───── DATA RECORDS
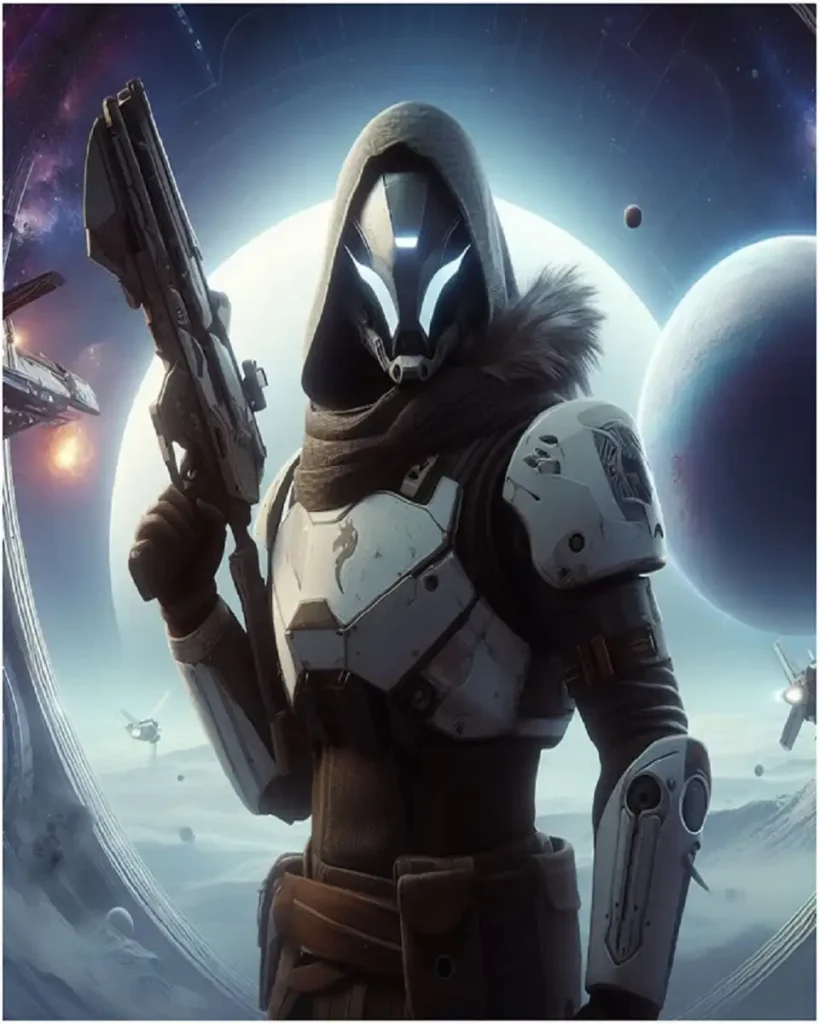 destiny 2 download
──────────
───── DATA RECORDS
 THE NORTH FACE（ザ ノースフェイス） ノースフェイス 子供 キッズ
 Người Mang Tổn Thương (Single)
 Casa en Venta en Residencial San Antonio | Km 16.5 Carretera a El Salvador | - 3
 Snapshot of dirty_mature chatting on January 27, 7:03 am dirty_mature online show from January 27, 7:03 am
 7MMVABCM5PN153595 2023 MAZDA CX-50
──────────
TASK REQUIREMENTS: Print the lines above from the one with "Người Mang Tổn Thương (Single)" through the one with "7MMVABCM5PN153595 2023 MAZDA CX-50", both included, exactly as written and nothing more.

SOLVED PROBLEM:
 Người Mang Tổn Thương (Single)
 Casa en Venta en Residencial San Antonio | Km 16.5 Carretera a El Salvador | - 3
 Snapshot of dirty_mature chatting on January 27, 7:03 am dirty_mature online show from January 27, 7:03 am
 7MMVABCM5PN153595 2023 MAZDA CX-50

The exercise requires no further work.